Mas não havia jeito, eu precisava aprender a traçá-la. Afinal, uma vez que uma criança aprende a escrever seu próprio nome, não há nada mais natural do que se interessar por aprender a escrever o nome de sua melhor amiga. E a letra “S” era, infelizmente, imprescindível para que eu conseguisse escrever o nome da minha: Sophia.
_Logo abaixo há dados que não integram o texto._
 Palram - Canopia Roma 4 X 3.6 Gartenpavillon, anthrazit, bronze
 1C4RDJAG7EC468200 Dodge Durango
Para a tristeza de meu pai, a sua explicação não foi o suficiente para que eu, que tinha pouquíssima, senão nenhuma, familiaridade com o alfabeto, conseguisse desenhar a maldita letra, e o resultado foi mais ou menos o seguinte:
Mais tarde, naquele mesmo ano, terminadas as férias escolares, eu finalmente me encontrava em uma sala de aula que dispunha de um grande e colorido alfabeto em suas paredes. Um alfabeto tão bonito que fazia com que a tarefa de o memorizar não fosse nem um pouco custosa. Tarefa essa que, ao contrário do que se pode pensar, não fora nem mesmo dada pela professora, mas inventada por nós, alunos.
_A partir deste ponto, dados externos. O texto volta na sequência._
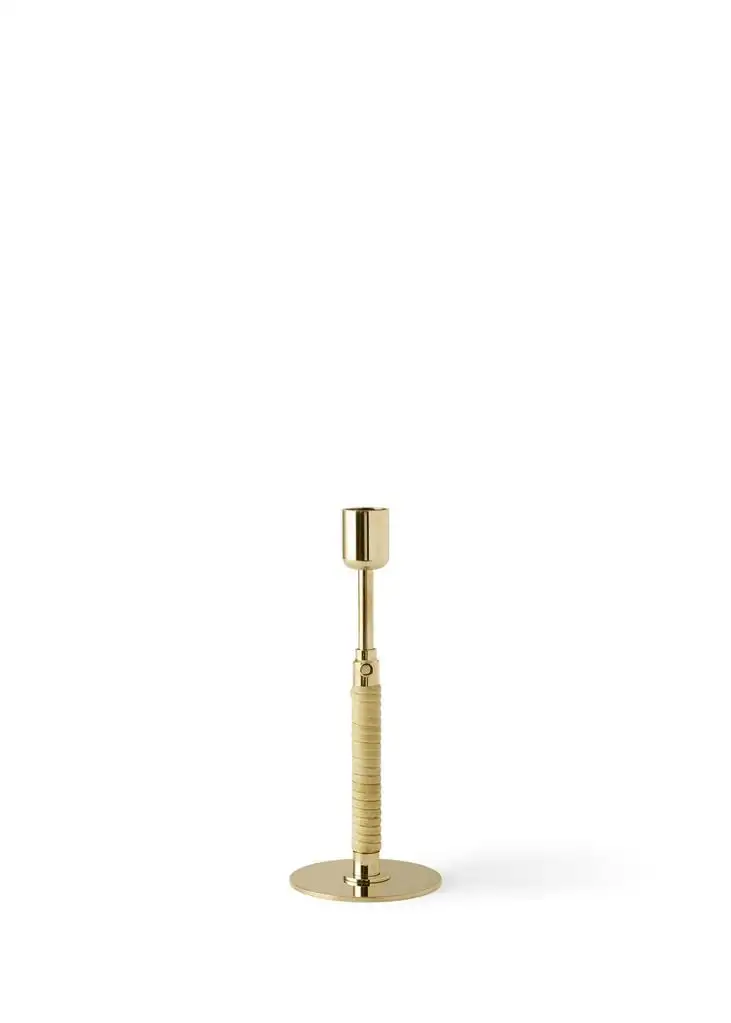 Audo Copenhagen Duca Kerzenhalter H: 16 cm – Messing poliert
O desafio foi proposto porque, como se sabe bem, a terceira série do Jardim de Infância é uma fase muito séria na vida de qualquer pessoa, e, para conquistar qualquer admiração ali dentro, era necessário saber o alfabeto. Evidente que nunca se falou explicitamente sobre isso, mas todos sabiam que aqueles que não apenas decoraram o alfabeto, como também sabiam recitá-lo de trás para frente, eram os mesmos que despertavam maior fascínio no restante dos colegas.
Assim, com esse pequeno incentivo, consegui, com facilidade, aprender todas as letras -e como elas deveriam ser desenhadas-, inclusive as mais traiçoeiras, como o “G” e o “Ç”. Desse modo, em não muito tempo, eu já escrevia uma porção de nomes. Até mesmo nomes de pessoas bem pouco relevantes.
Entretanto, cansada de apenas preencher folhas e mais folhas com nomes aleatórios, passei a me dedicar ao traço de outros grupos de palavras. Transição que não foi fácil, mas que tinha lá sua simplicidade em função de que bastava, agora, recombinar aqueles rabiscos já conhecidos para que, juntos, tomassem algum sentido qualquer. Não era necessário descobrir novos códigos, nem memorizar mais nada.
Eram rabiscos claros. Todos aqueles dispostos a ignorar a existência de regras de ortografia e de concordância poderiam entendê-los. Denotavam mais ou menos a mesma coisa para quem quer que os lesse. Parecia ser justamente essa ideia, a de que a minha escrita era passível de ser compreendida, que dava a ela uma mínima relevância para aqueles que a liam; para mim, não. Para mim, os rabiscos que mais tiveram significado foram os primeiros. Fossem eles cobrinhas, ou não.